Thank you to Data.GOV for the data.

1 Like

ok, I can see it already, @Avacsiglo21 is going to totally gamify this week’s challenge! :laughing:

3 Likes

,:joy::joy::joy::joy:may be or may be not

1 Like

Hi @adamschroeder, wondering what the Multiplier in column C means, and is it related to the randomness of the Winning Numbers in column B?

Good question, @Mike_Purtell . Here’s what I found:

  • Multiplier number: Before the main Powerball drawing, a separate number (2, 3, 4, 5, or sometimes 10) is randomly selected.
  • Multiplier effect: If you paid for the Power Play option, this number will multiply any non-jackpot prizes you win, with one special exception.
  • Special exception for Match 5: The prize for matching the first five white balls is automatically doubled from $1 million to $2 million, regardless of the Power Play number drawn.
  • 10x multiplier: The 10x multiplier is only added to the drawing when the advertised jackpot is $150 million or less.
2 Likes

Thank you @adamschroeder , very helpful response :slight_smile:

I wondered why the distribution of 1st ball values is strongly skewed toward lower numbers and is not a uniform distribution from 1 to 69 as I had expected. My first thought was something is wrong with the data, and in a sense there is. The first 5 numbers are sorted and then reported by increasing order. They are not reported in the order they are picked. What is referred to in the given distribution as 1st Ball would more accurately be labeled as Lowest Ball. First number is always the lowest of every week, last or 5th number is the highest of every week. First number has nearly zero hits above 50, and highest number has opposite behavior. To measure randomness of the first 5 numbers you have to merge the data for all 5 picks. Will look at this on my dashboard in a few days (I hope).
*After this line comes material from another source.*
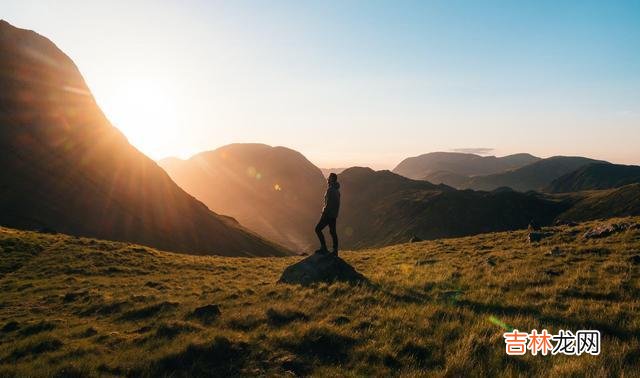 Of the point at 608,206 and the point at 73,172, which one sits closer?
the point at 73,172

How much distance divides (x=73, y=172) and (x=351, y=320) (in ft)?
314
HI @Mike_Purtell what do you mean: “To measure randomness of the first 5 numbers you have to merge the data for all 5 picks.”

Why does the fact that the data came sorted mean that it’s less random?

Hi @adamschroeder, in my view a true random distribution is uniform, where each value has an equal probability of happening. The first number (the lowest) on its own does not have a random distribution over its 1847 values. But if you merge all of the numbers for the first 5 picks (9235 total) they will range from 1 to 69, and my guess is that the histogram will flatten out and show a high degree of randomness.

1 Like

Hi @Mike_Purtell Do you means like this one, this is the frequency of the 5 numbers

An this one for the “PowerBall”, which is from 1 to 26, but in some lottery was until 39

4 Likes

Hi @Avacsiglo21 ,

What I meant is that the very first number reported is the lowest number on 5 balls drawn at random. This skews its distribution leftward toward zero. The last number reported is the highest number of 5 balls drawn and has a distribution skewed to the right. Here is a screen shot from my dashboard in progress showing these distributions. Notice that the left side LOWEST distribution looks like the visualization given for this week’s dataset.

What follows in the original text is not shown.